Ah, then, I thought, that is the problem: 'accept' is only done, if the
matched phrase is followed by the end of the input. $end, I thought,
is a pseudotoken, which signifies the end of input from the lexer
(the original yacc behaves like this, I think). 

-> But than i cannot explain, why in the first case, I get a match,
   which ist not obtained in the second case.

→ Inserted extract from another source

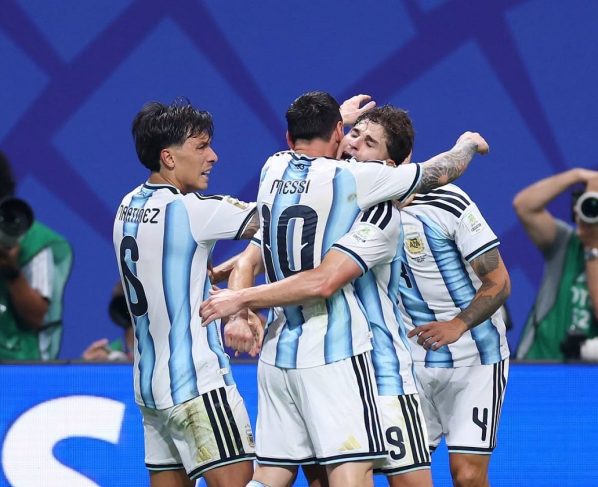 Argentina x Suíça: onde assistir ao vivo, horário, escalações e tudo sobre as quartas da Copa do Mundo. Imagem: Seleção argentina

Is the generation
   of parse tables erronous ? 

-> What is the meaning of $end ? It cannot be the end of input,
   since from the example in the manual I understand, that a
   parser/lexer-combination might be called on an input stream 
   repeatedly. 
   
   On the other side, to match just the longest prefix sentence 
   in the input, I'd more expect a state with '. accept'  after
   entries, which check all the tokens, wether it is possible to 
   continue parsing ie 'WORD shift 17'.

-> My original idea was to collect the tokens to larger tokens, and to
   pass them to another parser, ie letting the parser act as part of a
   (handwritten) lexer to another parser.  Now I read something about
   'the parsers not being reentrant' ? Is that true ? Does that mean
   the calling sequence

   parser1 -> function1 (as lexer to parser1)
           -> parser2
           -> lexer2

   will not work ?


Can anyone comment on this, possibly showing me THE LIGHT :-) ?


Regards -- Markus